Remember, You’re Annoying Too
Marriage isn’t all sunshine, flowers, and happily ever after, you know? It’s hard work, a lot of compromise, and a fair amount of teeth-gritting, especially when your partner repeats the same maddening habits for, oh, say…35 years, two weeks, and three days, but who’s counting?
For instance, Bill has a habit of flipping on every single light in a room and then leaving without turning one off. And stacking dirty dishes into a Leaning Tower of Pisa masterpiece instead of emptying the dishwasher (which he pretends he doesn’t know is full of clean dishes). And running the gas tank down to fumes, forcing me to coast into the gas station. And waltzing into the family room, grabbing the remote mid-Dateline episode, and changing the channel without so much as a “mind if I…?”
When those things happen, my brain immediately jumps to: WTH is wrong with him? Why does he DO that?! Is he testing me to see how long it takes to piss me off? NOT LONG DUDE! Is he freaking serious?! Step right up, pay your fee, and see the most clueless man in the world!
And then I go a little batty, wasting way too much mental energy stewing about it.

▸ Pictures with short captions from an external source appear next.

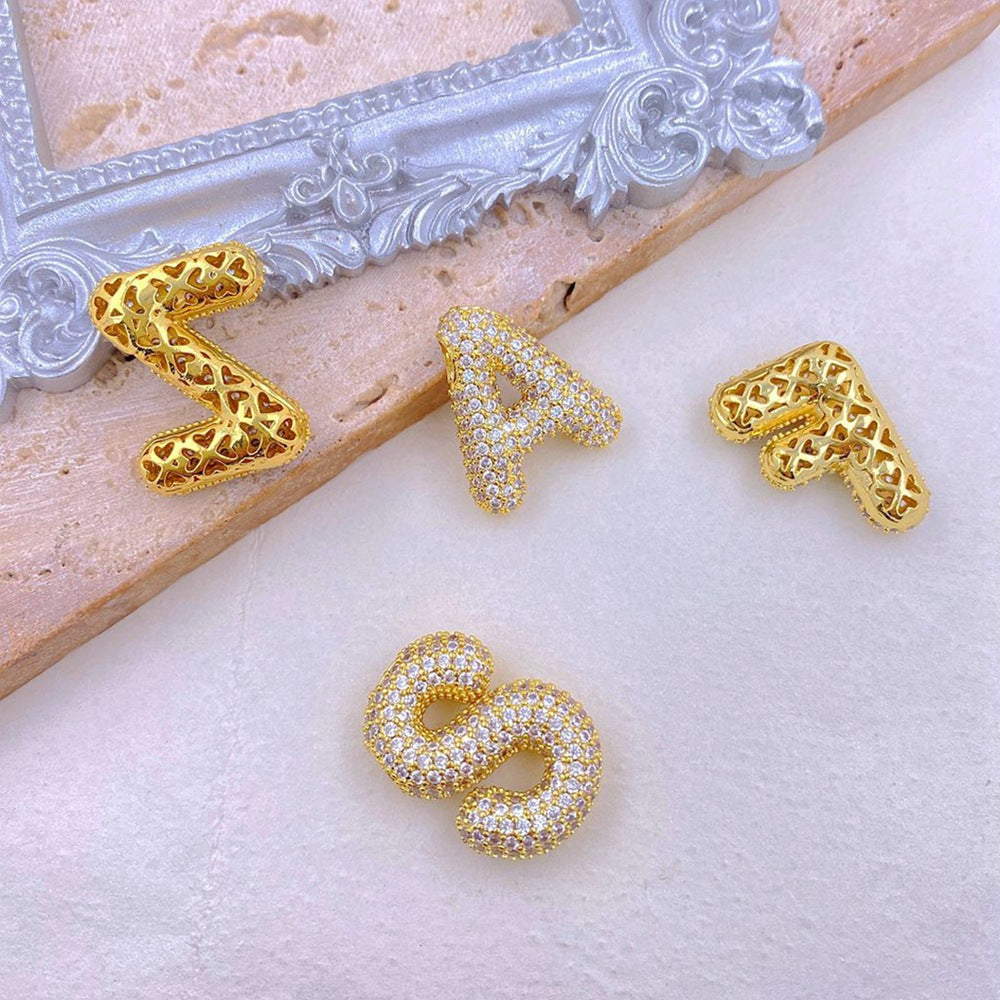 Gold-Plated Inlaid Zircon Letter Necklace Trendsi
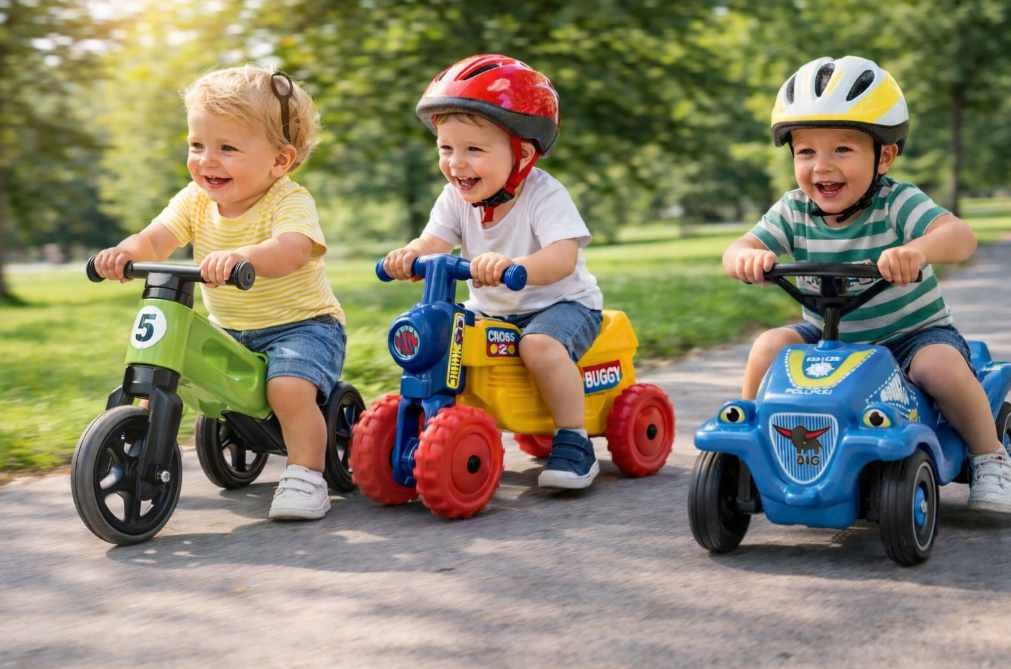 děti jedou na odrážedlech Funny Wheels, motorce a autíčku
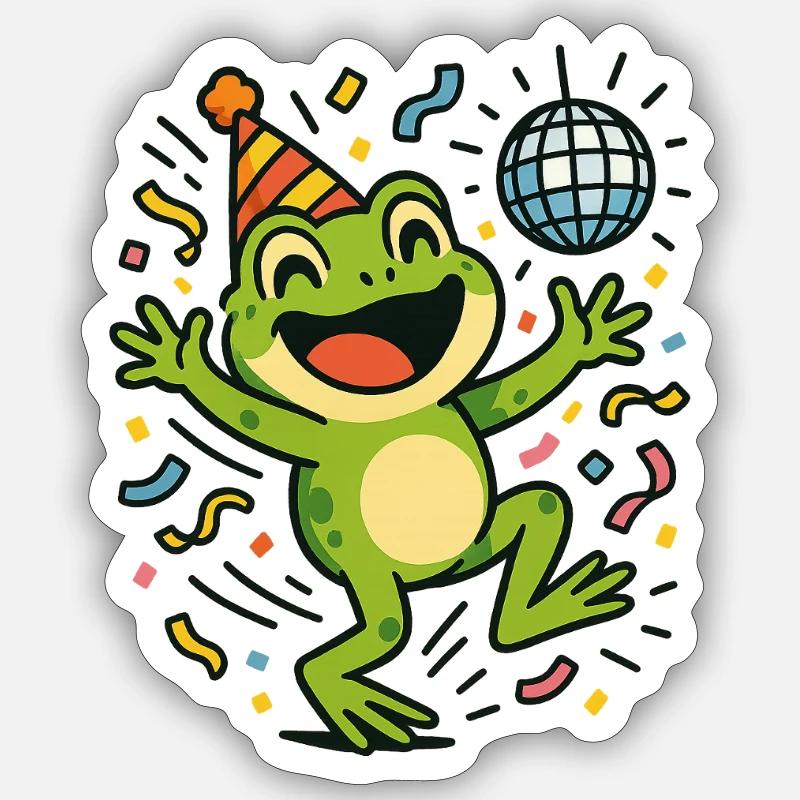 Grenouille de fête - Sticker taille S (10 x 10 cm) - blanc mat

But one day, while cleaning out the garage, I came across a box of our wedding cards. Mixed in with the sweet notes from relatives long gone, I found an unopened card with $20 tucked inside (a vintage bill by now). Inside the unsigned card was a handwritten note: “Remember, you’re annoying, too.”
My first reaction? Who the hell gave us this? (Spoiler: I have a prime suspect in mind, but we’ll never know for sure.) More amazing was the fact that it got missed when we opened our cards on June 21, 1992.
Honestly, it was the best marriage advice we’ve ever gotten. It’s just too bad we didn’t get it sooner because every time Bill does something that makes my head want to spin around and pop right off, I remember: I have my own “quirks” that drive him equally nuts.
I snore (apparently). I sleep diagonally in the bed. I tell him stories about my day that are more boring than exposed brick. (Well, this afternoon I cleaned pollen off the patio furniture and bought an acorn squash.) I am, without question, the World’s Worst breakfast maker, and I complain when I’m hungry, tired, in need of caffeine, just woke up, just finished exercising, or within 15 minutes of the bedtime window.
And yet—at the end of the day, here we are - two annoying, imperfect humans who somehow fit together just right.
The lights will stay on, the toast will burn, and I’ll keep sprawling diagonally across the mattress. But marriage isn’t about fixing each other’s flaws. It’s about choosing each other, day after day, despite them—and maybe even because of them.